Beginning with the line that contains "Last year our", copy each subsequent line of the data below through the last one, including both ends but not the pictures.

(Stored records)
—————
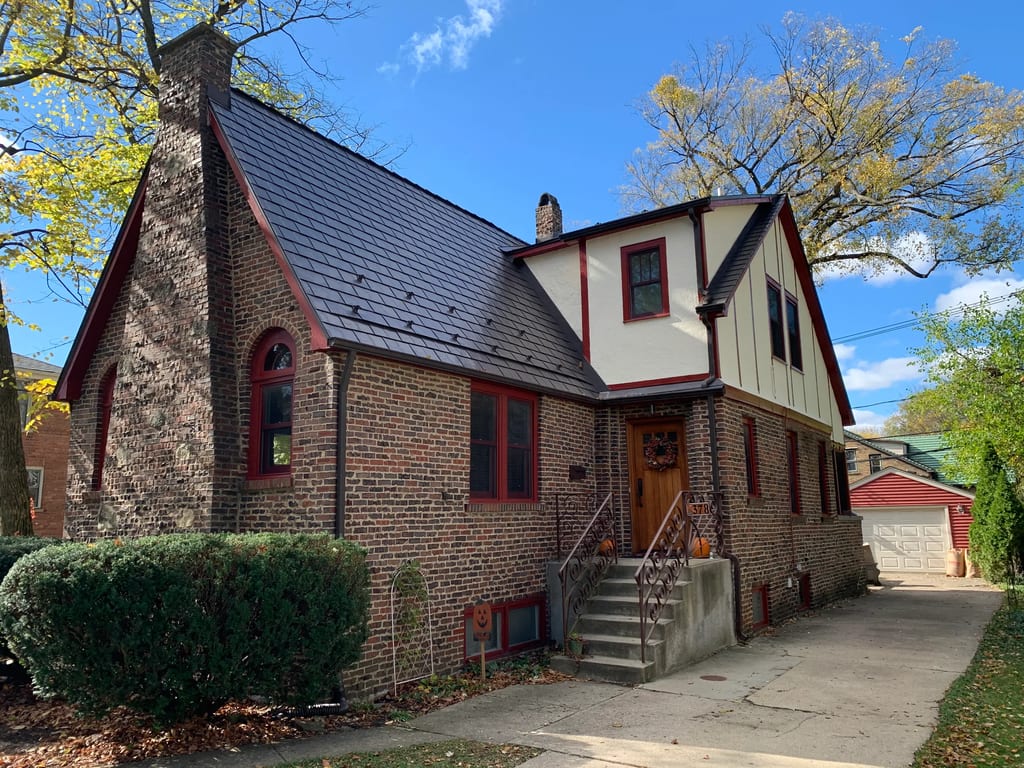 Tudor Brown Interlock Slate aluminum roof on a Tudor brown metal roof on a two-storey brick home in a, Elmhurst, Illinois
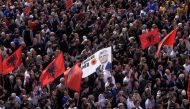 Kosovo Albanians wave Albanian flags and a flag depicting former Kosovo President Hashim Thaci as they take part in a march in Pristina on April 2, 2023. (Photo by Armend Nimani / AFP)


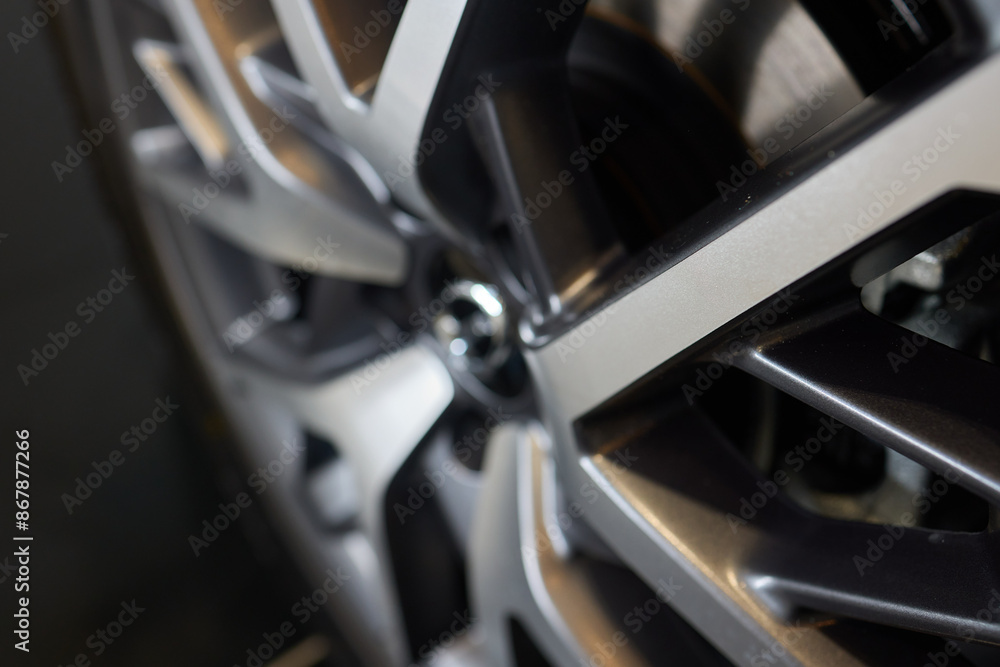 Closeup of a modern car wheel with alloy rims showcasing stylish design and craftsmanship Closeup of a modern car wheel with alloy rims showcasing stylish design and craftsmanship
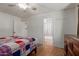 The bedroom features neutral walls and a tiled floor at 525 N 94Th Way, Mesa, AZ 85207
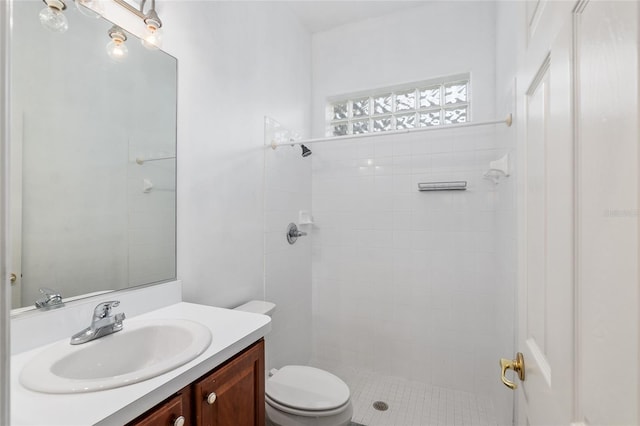 bathroom with a tile shower, tile patterned floors, vanity, and toilet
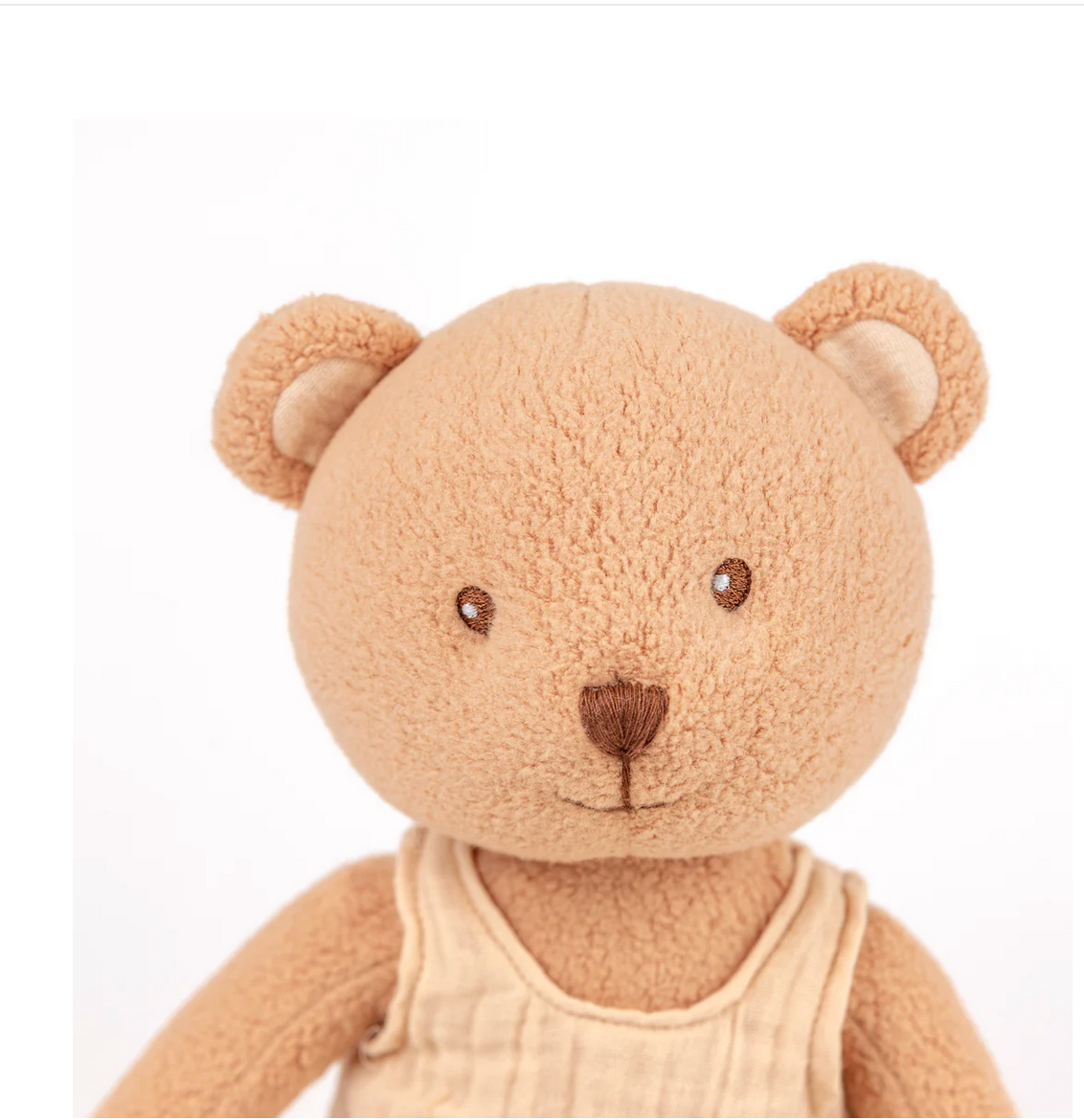Brown teddy bear with a cream outfit on a white background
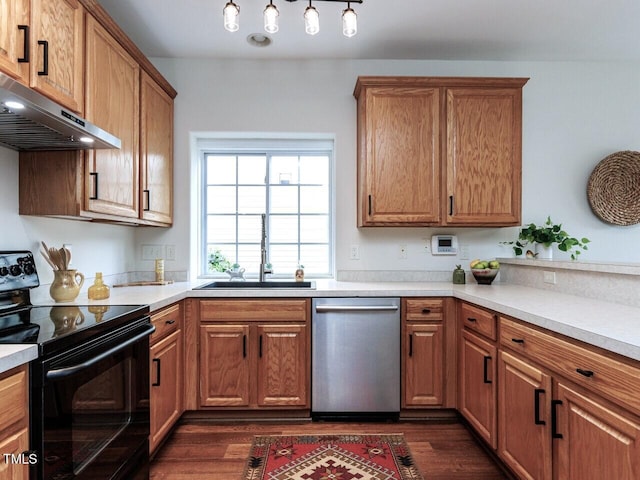 1103 Mallory Ln, Durham, NC 27713 - kitchen with black / electric stove, dishwasher, range hood, dark wood-type flooring, and light countertops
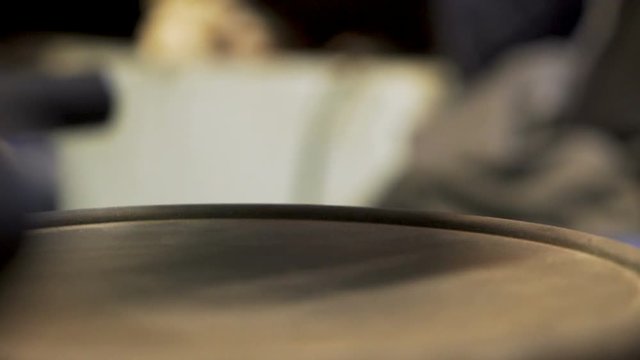 Drummer's fingers beating on an electric snare drum.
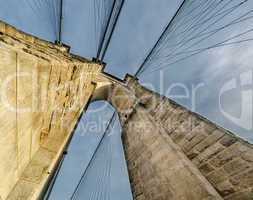 New York City. Magnificent view of powerful Brooklyn Bridge stru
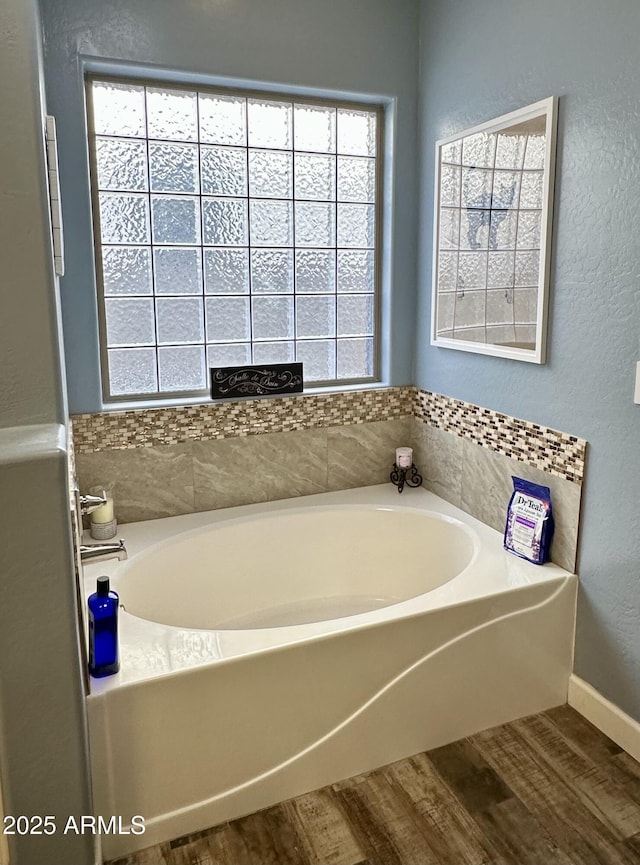 full bath with a bath, wood finished floors, and baseboards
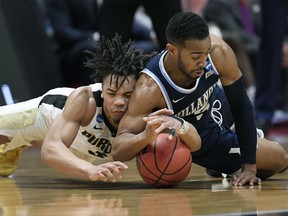 Purdue's Carsen Edwards, left, and Villanova's Phil Booth dive for a loose ball during the first half of a second round men's college basketball game in the NCAA tournament, Saturday, March 23, 2019, in Hartford, Conn.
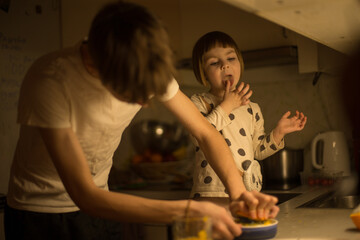 Two children are busily engaged in preparing food together in a cozy kitchen setting during night...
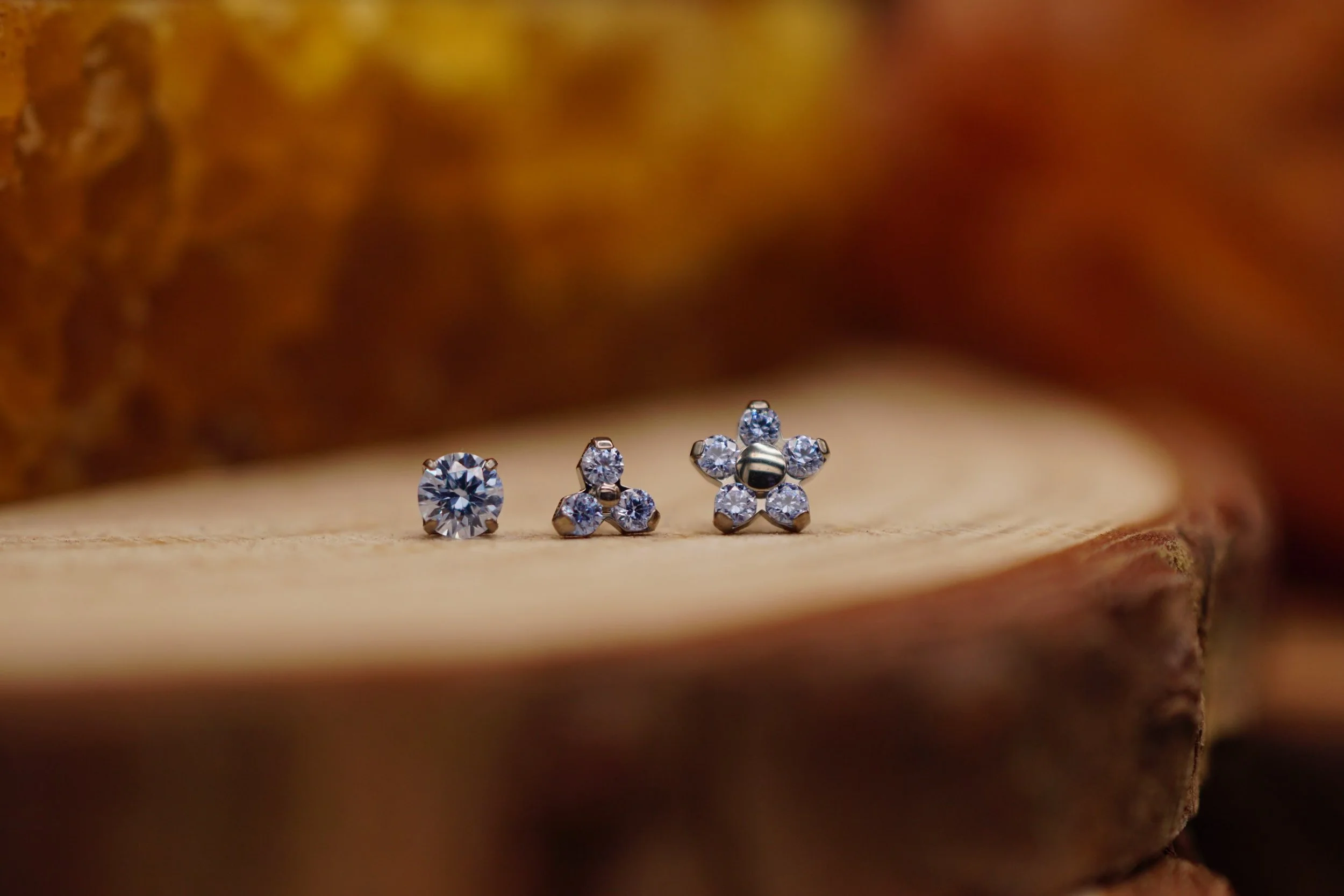 Last year our friends over at @neometaljewelry released some limited edition stone colors set in titanium. We still have a few Grey Blue and Tanzanite pieces in stock! 

Get them while they&rsquo;re still available, here at @ceremonypiercing. ✨

#cer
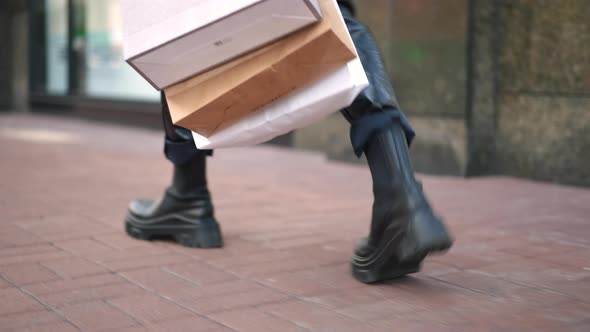 Live Camera Follow Legs of Young Fashionable Man in Leather Pants and Shoes Strolling with Shopping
—————
Solved exercise:
 Last year our friends over at @neometaljewelry released some limited edition stone colors set in titanium. We still have a few Grey Blue and Tanzanite pieces in stock! 

Get them while they&rsquo;re still available, here at @ceremonypiercing. ✨

#cer
 Live Camera Follow Legs of Young Fashionable Man in Leather Pants and Shoes Strolling with Shopping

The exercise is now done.